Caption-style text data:
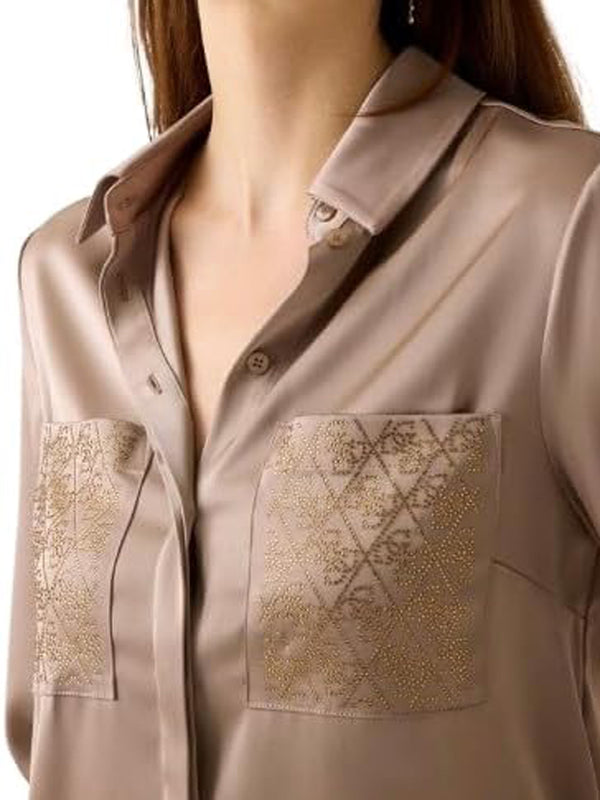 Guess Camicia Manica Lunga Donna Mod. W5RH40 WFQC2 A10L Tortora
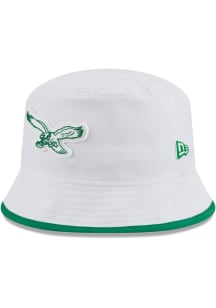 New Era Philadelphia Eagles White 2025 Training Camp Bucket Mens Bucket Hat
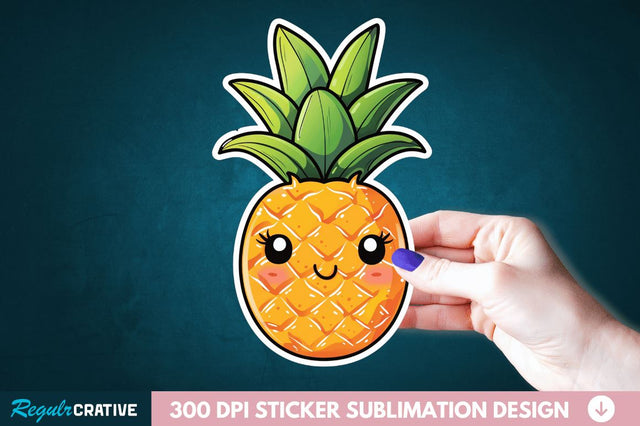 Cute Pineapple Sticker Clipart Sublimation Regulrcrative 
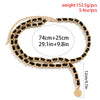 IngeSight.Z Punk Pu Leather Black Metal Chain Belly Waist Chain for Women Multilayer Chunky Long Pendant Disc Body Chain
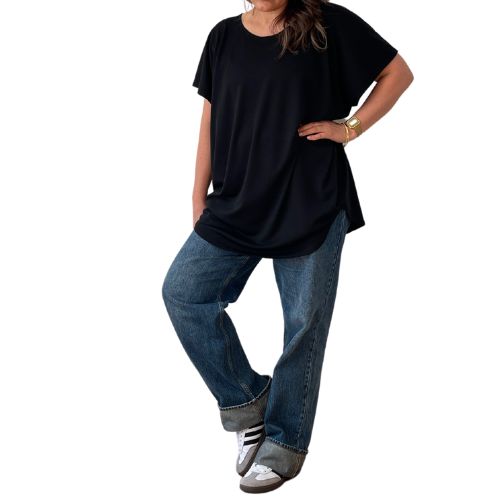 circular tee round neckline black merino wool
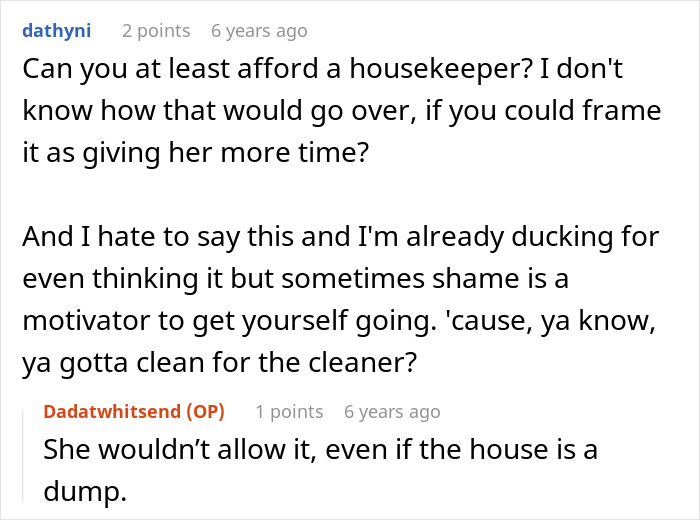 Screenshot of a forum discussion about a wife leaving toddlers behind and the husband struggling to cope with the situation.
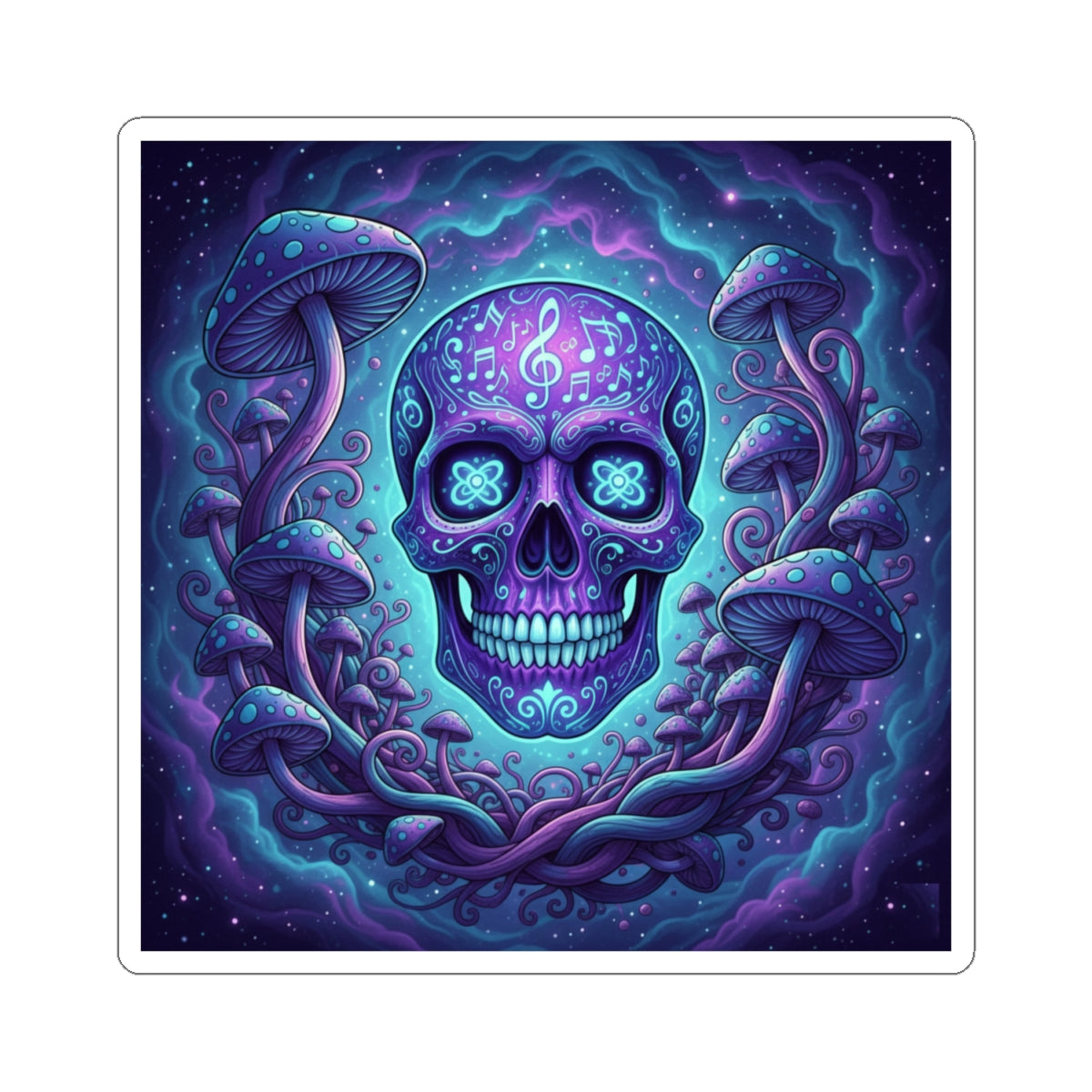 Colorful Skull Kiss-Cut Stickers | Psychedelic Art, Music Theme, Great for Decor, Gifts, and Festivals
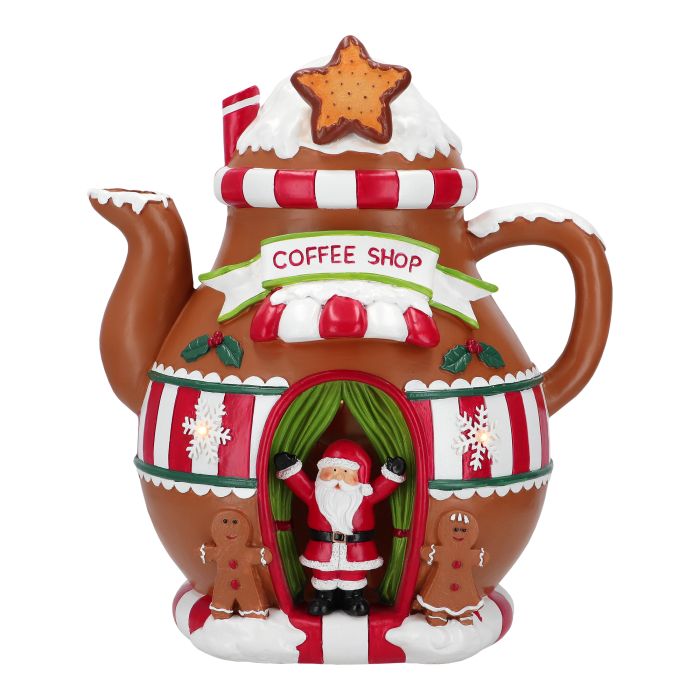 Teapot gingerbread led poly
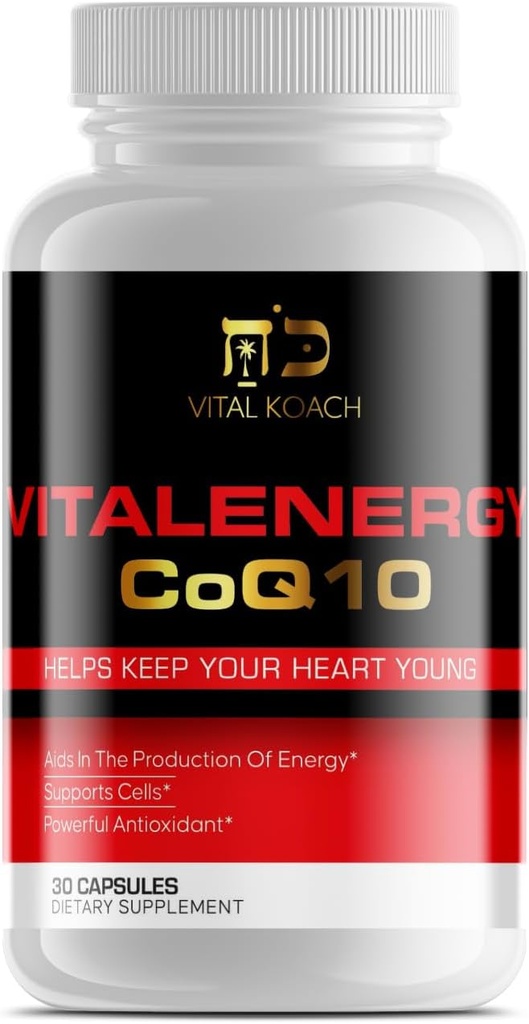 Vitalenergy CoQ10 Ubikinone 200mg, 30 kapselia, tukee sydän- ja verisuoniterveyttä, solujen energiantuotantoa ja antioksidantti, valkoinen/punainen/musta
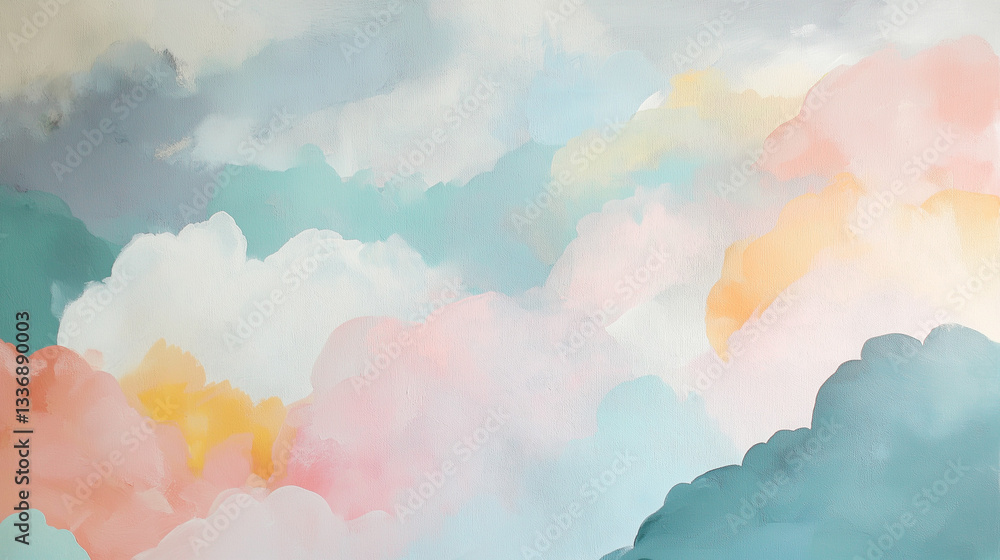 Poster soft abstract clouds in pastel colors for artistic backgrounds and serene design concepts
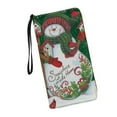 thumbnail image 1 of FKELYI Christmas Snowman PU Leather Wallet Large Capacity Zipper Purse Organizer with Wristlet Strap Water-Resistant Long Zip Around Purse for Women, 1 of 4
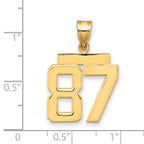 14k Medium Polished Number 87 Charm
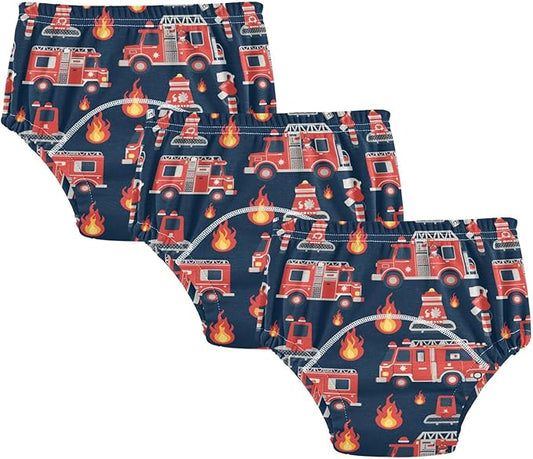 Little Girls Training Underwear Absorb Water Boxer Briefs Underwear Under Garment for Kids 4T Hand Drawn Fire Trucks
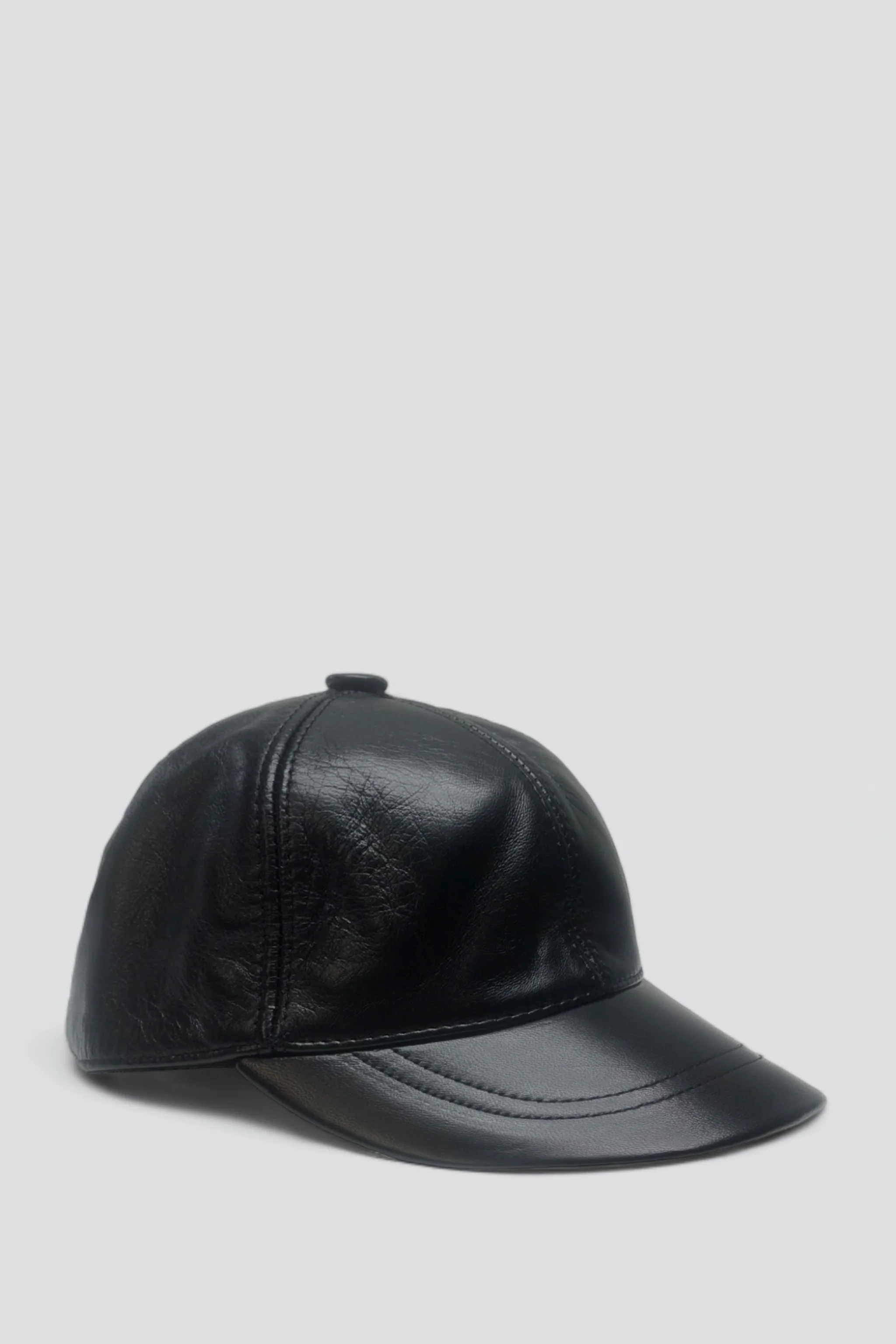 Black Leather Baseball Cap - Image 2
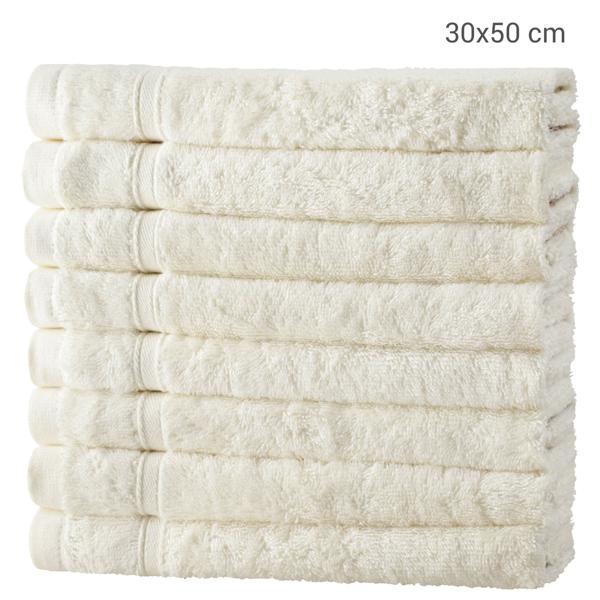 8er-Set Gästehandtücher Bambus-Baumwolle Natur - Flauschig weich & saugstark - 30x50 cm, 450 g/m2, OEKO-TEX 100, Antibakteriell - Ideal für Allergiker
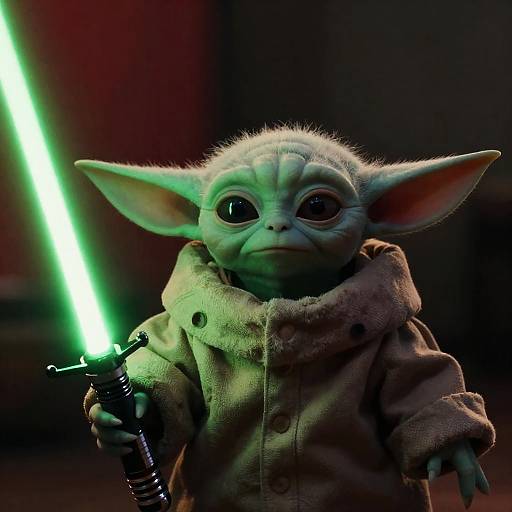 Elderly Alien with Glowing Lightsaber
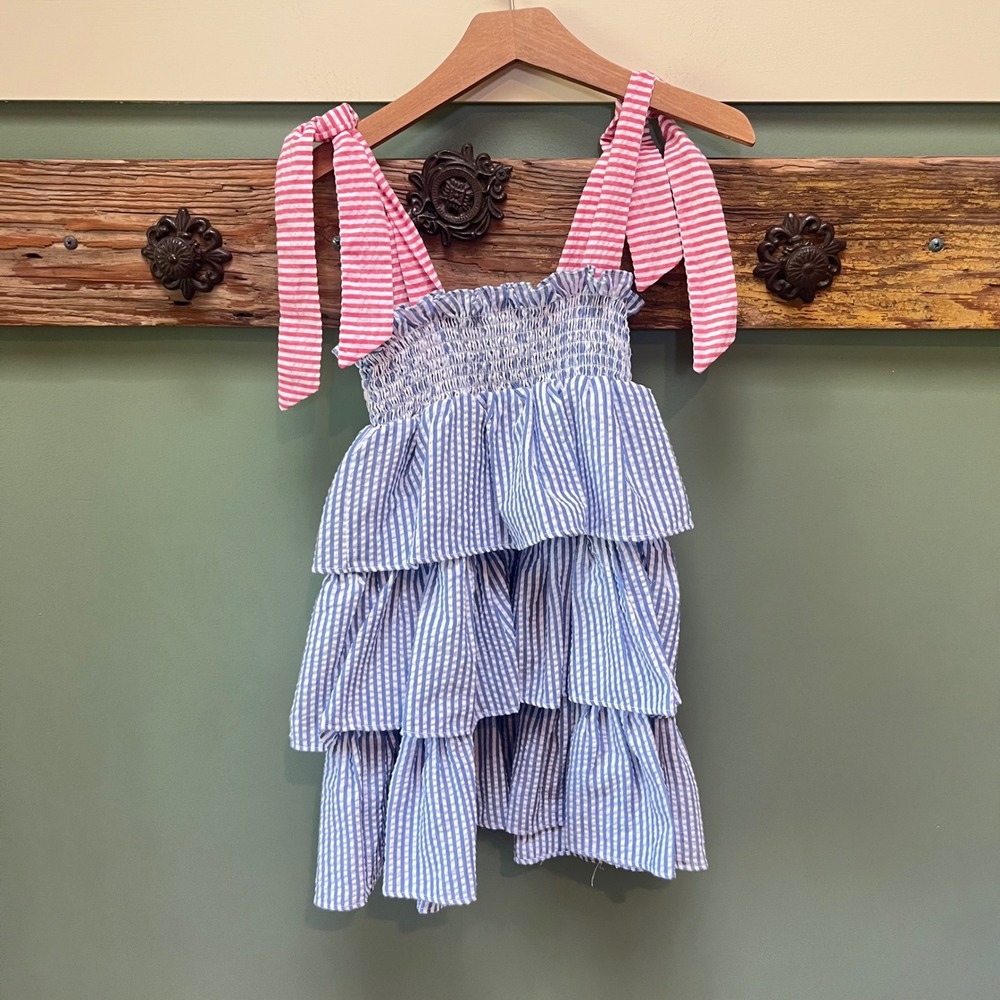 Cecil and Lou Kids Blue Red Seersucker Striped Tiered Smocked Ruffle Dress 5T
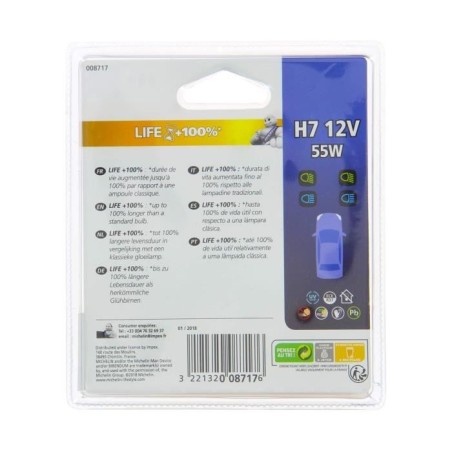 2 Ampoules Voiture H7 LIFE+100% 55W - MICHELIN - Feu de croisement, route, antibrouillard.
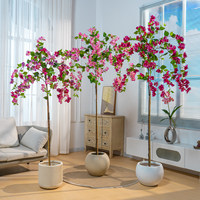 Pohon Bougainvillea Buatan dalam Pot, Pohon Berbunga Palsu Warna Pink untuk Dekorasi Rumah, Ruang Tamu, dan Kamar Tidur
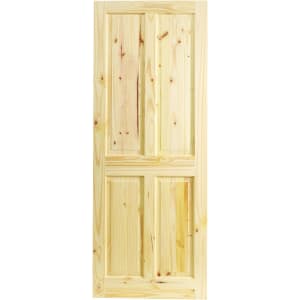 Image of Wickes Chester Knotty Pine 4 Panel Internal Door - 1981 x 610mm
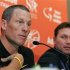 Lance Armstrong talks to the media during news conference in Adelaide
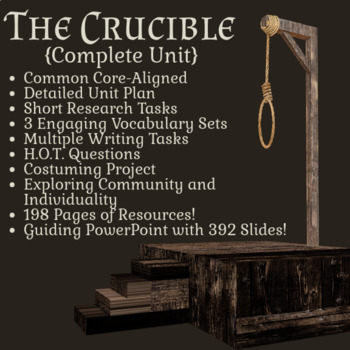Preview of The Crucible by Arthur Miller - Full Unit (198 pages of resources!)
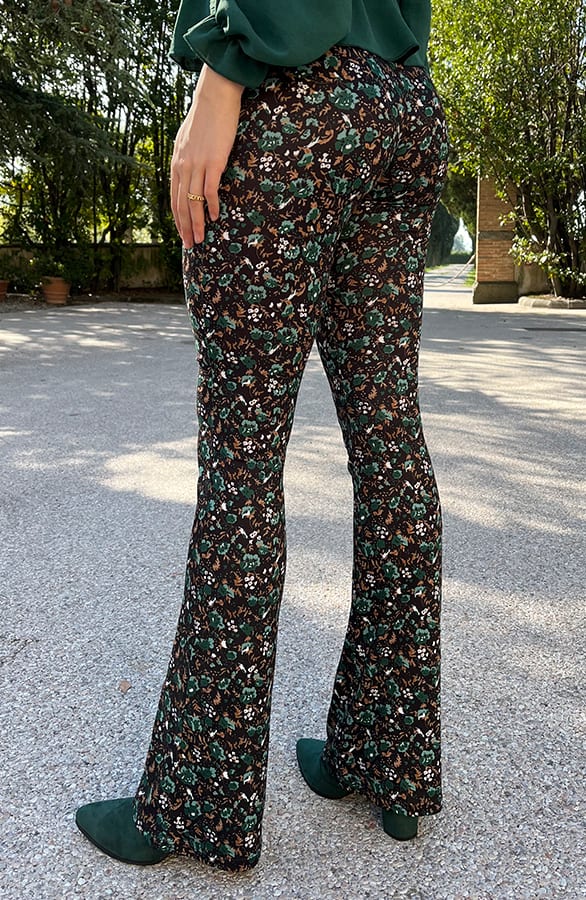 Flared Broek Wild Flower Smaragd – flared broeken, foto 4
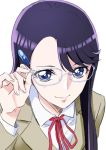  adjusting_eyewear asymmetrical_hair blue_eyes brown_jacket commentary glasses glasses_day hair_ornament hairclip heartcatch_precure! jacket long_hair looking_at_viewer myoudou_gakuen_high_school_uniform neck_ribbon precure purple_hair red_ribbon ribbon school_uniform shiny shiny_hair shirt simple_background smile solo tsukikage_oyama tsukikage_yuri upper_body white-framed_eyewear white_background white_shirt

TASK GOAL — Repeat only the lines between the top of the entries above and the line containing "Poster soft abstract", both ends included, without the pictures.

EXERCISE RESULT —
 Guess Camicia Manica Lunga Donna Mod. W5RH40 WFQC2 A10L Tortora
 New Era Philadelphia Eagles White 2025 Training Camp Bucket Mens Bucket Hat
 Cute Pineapple Sticker Clipart Sublimation Regulrcrative 
 IngeSight.Z Punk Pu Leather Black Metal Chain Belly Waist Chain for Women Multilayer Chunky Long Pendant Disc Body Chain
 circular tee round neckline black merino wool
 Screenshot of a forum discussion about a wife leaving toddlers behind and the husband struggling to cope with the situation.
 Colorful Skull Kiss-Cut Stickers | Psychedelic Art, Music Theme, Great for Decor, Gifts, and Festivals
 Teapot gingerbread led poly
 Vitalenergy CoQ10 Ubikinone 200mg, 30 kapselia, tukee sydän- ja verisuoniterveyttä, solujen energiantuotantoa ja antioksidantti, valkoinen/punainen/musta
 Poster soft abstract clouds in pastel colors for artistic backgrounds and serene design concepts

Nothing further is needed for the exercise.